### What you should do:
Transcribe the entries below exactly, starting with the line that has "10 MICRONS STAINLESS STEEL FILTER CARTRIDGE" and stopping after the line that has "Trăng Tối: Kỉ Nguyên Máu Chapter 62.2 - 64"; no pictures belong in the copy.

### Source information:
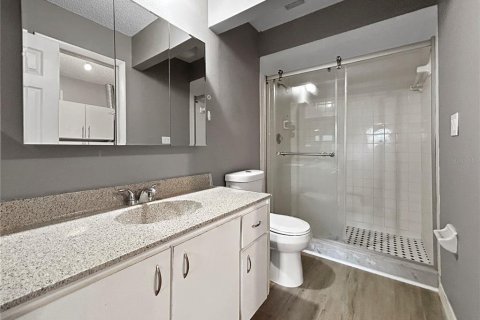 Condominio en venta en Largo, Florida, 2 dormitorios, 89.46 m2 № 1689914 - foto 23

--

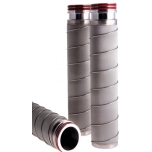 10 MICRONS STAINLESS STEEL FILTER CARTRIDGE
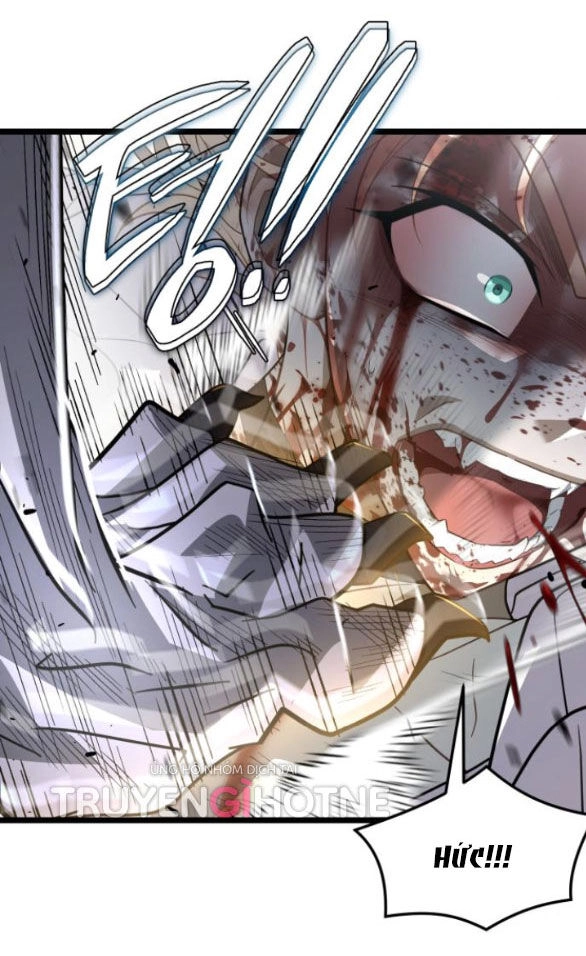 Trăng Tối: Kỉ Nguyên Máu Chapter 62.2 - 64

### Your solution:
 10 MICRONS STAINLESS STEEL FILTER CARTRIDGE
 Trăng Tối: Kỉ Nguyên Máu Chapter 62.2 - 64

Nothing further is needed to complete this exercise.